Exercise requirements: All lines from the one holding "Photo From Engagement" down to the last line of the entries are to be reproduced exactly, with no other lines.

# # # #

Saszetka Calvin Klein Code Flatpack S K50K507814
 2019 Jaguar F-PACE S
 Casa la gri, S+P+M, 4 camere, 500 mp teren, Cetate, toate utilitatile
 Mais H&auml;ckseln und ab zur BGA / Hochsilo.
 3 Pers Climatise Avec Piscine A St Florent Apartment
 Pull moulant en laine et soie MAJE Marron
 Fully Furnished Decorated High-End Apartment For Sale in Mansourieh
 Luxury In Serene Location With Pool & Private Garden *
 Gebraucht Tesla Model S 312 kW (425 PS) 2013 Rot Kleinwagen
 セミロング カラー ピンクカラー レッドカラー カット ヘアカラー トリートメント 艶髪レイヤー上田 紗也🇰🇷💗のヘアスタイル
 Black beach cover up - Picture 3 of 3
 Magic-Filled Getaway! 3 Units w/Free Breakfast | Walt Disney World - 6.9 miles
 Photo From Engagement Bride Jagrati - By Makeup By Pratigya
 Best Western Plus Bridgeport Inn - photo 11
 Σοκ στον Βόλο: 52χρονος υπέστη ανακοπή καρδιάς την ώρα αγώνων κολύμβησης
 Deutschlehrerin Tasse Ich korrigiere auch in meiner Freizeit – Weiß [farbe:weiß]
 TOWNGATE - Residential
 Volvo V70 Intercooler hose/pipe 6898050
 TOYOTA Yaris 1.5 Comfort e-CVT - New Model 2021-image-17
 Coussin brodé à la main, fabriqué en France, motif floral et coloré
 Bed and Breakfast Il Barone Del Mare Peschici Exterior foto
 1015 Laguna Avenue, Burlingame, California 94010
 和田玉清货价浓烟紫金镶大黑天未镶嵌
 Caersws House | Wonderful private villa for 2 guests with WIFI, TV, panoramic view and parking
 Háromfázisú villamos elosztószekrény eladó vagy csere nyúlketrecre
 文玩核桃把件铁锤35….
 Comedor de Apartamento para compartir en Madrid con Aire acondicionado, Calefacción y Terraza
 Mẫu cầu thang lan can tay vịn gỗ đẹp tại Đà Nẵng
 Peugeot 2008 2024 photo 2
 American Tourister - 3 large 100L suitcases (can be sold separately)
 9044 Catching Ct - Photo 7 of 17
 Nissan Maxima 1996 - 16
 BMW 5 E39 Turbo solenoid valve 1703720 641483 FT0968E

# # # #

Task answer:
 Photo From Engagement Bride Jagrati - By Makeup By Pratigya
 Best Western Plus Bridgeport Inn - photo 11
 Σοκ στον Βόλο: 52χρονος υπέστη ανακοπή καρδιάς την ώρα αγώνων κολύμβησης
 Deutschlehrerin Tasse Ich korrigiere auch in meiner Freizeit – Weiß [farbe:weiß]
 TOWNGATE - Residential
 Volvo V70 Intercooler hose/pipe 6898050
 TOYOTA Yaris 1.5 Comfort e-CVT - New Model 2021-image-17
 Coussin brodé à la main, fabriqué en France, motif floral et coloré
 Bed and Breakfast Il Barone Del Mare Peschici Exterior foto
 1015 Laguna Avenue, Burlingame, California 94010
 和田玉清货价浓烟紫金镶大黑天未镶嵌
 Caersws House | Wonderful private villa for 2 guests with WIFI, TV, panoramic view and parking
 Háromfázisú villamos elosztószekrény eladó vagy csere nyúlketrecre
 文玩核桃把件铁锤35….
 Comedor de Apartamento para compartir en Madrid con Aire acondicionado, Calefacción y Terraza
 Mẫu cầu thang lan can tay vịn gỗ đẹp tại Đà Nẵng
 Peugeot 2008 2024 photo 2
 American Tourister - 3 large 100L suitcases (can be sold separately)
 9044 Catching Ct - Photo 7 of 17
 Nissan Maxima 1996 - 16
 BMW 5 E39 Turbo solenoid valve 1703720 641483 FT0968E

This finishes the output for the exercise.